The lady at Wal-mart _said _that, "No, she doesn't sell them out there."


----------



## Pidgey (May 20, 2005)

Well, I really don't like the sound of that but only time will tell. She may have lost a lot more blood than we know. I hope she didn't get nicked in an artery in the neck. 

Just out of curiosity, can she stand or is she sitting in her own poops? Is she eating on her own or not eating at all?

Pidgey


----------



## AZfiddler_1996 (Jul 13, 2005)

She's not sitting in her poops, I fixed that for her, but she tumbles over her head when I set her on her feet. I was able to get her to stand yesterday for a little bit. If I put my hand there on the bad side for her to lean (fall) against then she'll stay on her feet but she falls to that side over her head and can't get out of that horrible position.


----------



## Pidgey (May 20, 2005)

Okay, let's try it this way: Walgreen's doesn't call it an otoscope but here's a product webpage:

http://www.walgreens.com/store/product.jsp?CATID=100125&navAction=jump&navCount=0&id=prod1491340

Pidgey


----------



## AZfiddler_1996 (Jul 13, 2005)

She's not eating on her own. I got her to drink again this morning and I've put a few seeds down her but that's it.


----------



## Pidgey (May 20, 2005)

Well, it's been a tad over 24 hours ago. The blood loss may take some real time to get over and there may have been some damage to the neck that may have something to do with motor control. I'm having a difficult time remembering how long it took for Purple Heart to come back to somewhat-normal after his incident with the hawk. It doggone sure wasn't immediate but he'd been grabbed on the back and the injuries were relatively superficial even though the blood loss had been significant.

Pidgey


----------



## AZfiddler_1996 (Jul 13, 2005)

The closest Walgreen's is 50 miles away but I'm sure Wal-mart has it.

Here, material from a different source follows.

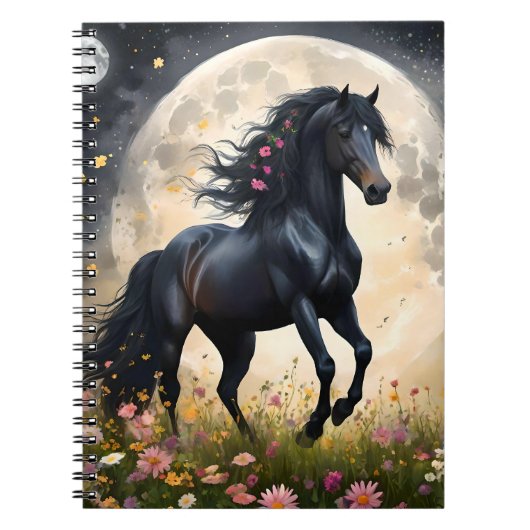 Lunar Elegance: Schwarzes Fantasy - Pferd mit dem  Notizblock (Vorderseite)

It's just the way it is here for them to rarely try to find out for you when they don't know. I've just got to go down there and look myself.


----------



## Pidgey (May 20, 2005)

Realistically, it's probably not too good of an idea for her to eat just yet. If she's for all-intents-and-purposes anemic right now, it might take too much energy to process it for the moment.

Pidgey


----------



## Pidgey (May 20, 2005)

Do you have any chain-drugstores there?

Pidgey


----------



## AZfiddler_1996 (Jul 13, 2005)

I was able to get to the other wound under her wing and there is another puncture there that looks a lot like the one in my first post but it's not as long.


----------



## AZfiddler_1996 (Jul 13, 2005)

Pidgey said:


> Realistically, it's probably not too good of an idea for her to eat just yet. If she's for all-intents-and-purposes anemic right now, it might take too much energy to process it for the moment.
> 
> Pidgey


I've fed her 5 seeds three times. 
I can try Safeway if Walmart doesn't have it and my mom or dad would probably know of somewhere else to look.


----------



## Pidgey (May 20, 2005)

Listen to her breathing with the stethoscope and see if you hear any weird noises that you don't normally hear in Pirate or another bird.

Pidgey


----------



## AZfiddler_1996 (Jul 13, 2005)

Pidgey said:


> Listen to her breathing with the stethoscope and see if you hear any weird noises that you don't normally hear in Pirate or another bird.
> 
> Pidgey


 Her heart is beating very slow and inconsistently. No weird noises.


----------



## Pidgey (May 20, 2005)

How slow--did you count the beats? And how inconsistently?

Pidgey


----------



## AZfiddler_1996 (Jul 13, 2005)

I didn't count the beats but I will go now. Oreo Cookie's were consistent, one right after the other, no where near as fast as Bubbles' were but probably faster than normal (whatever normal is). Thunder Storm would beat 2 or 3 and then pause and then beat 2 or 3 again and pause...


----------



## Pidgey (May 20, 2005)

We're really running on idle then. Keep her warm and let's see if we can ride this out. We'll know a lot more in 24 hours. Just put little amounts of water in at a time (with some electrolytes, like the normal solution that Cindy discusses) and don't bother the wound although you might try and see if you can keep it elevated a little bit.

Pidgey


----------



## AZfiddler_1996 (Jul 13, 2005)

TONTA!! I was probably hearing my own stinkin' blood pounding in my ears. (bring a smile to your face?)
237 BPM. consistent


----------



## Pidgey (May 20, 2005)

Well, that's good although it seems a little fast to me. How does it match to some of your other birds?

Pidgey


----------



## AZfiddler_1996 (Jul 13, 2005)

Woe. 97 BPM on Oreo.


----------



## AZfiddler_1996 (Jul 13, 2005)

I waited, though, until she got used to being in my hand with the stethoscope on her so I could try to get something more normal. Maybe I should try that with Thunder Pidgey?


----------



## Pidgey (May 20, 2005)

Yeah, better confirm that on Thunder. It could be that the heartbeat is so fast because the blood volume's down or it could be that there's a problem brewing. Or it's just too fast to easily count but given your ear with the music, I'm not betting that direction.

Pidgey


----------



## Pidgey (May 20, 2005)

I'm betting that getting a blood transfusion is out of the question (that'd need a good vet and a donor pidgey). I am afraid that there might be some internal bleeding still. Let's hope that if there is, it's slowing down.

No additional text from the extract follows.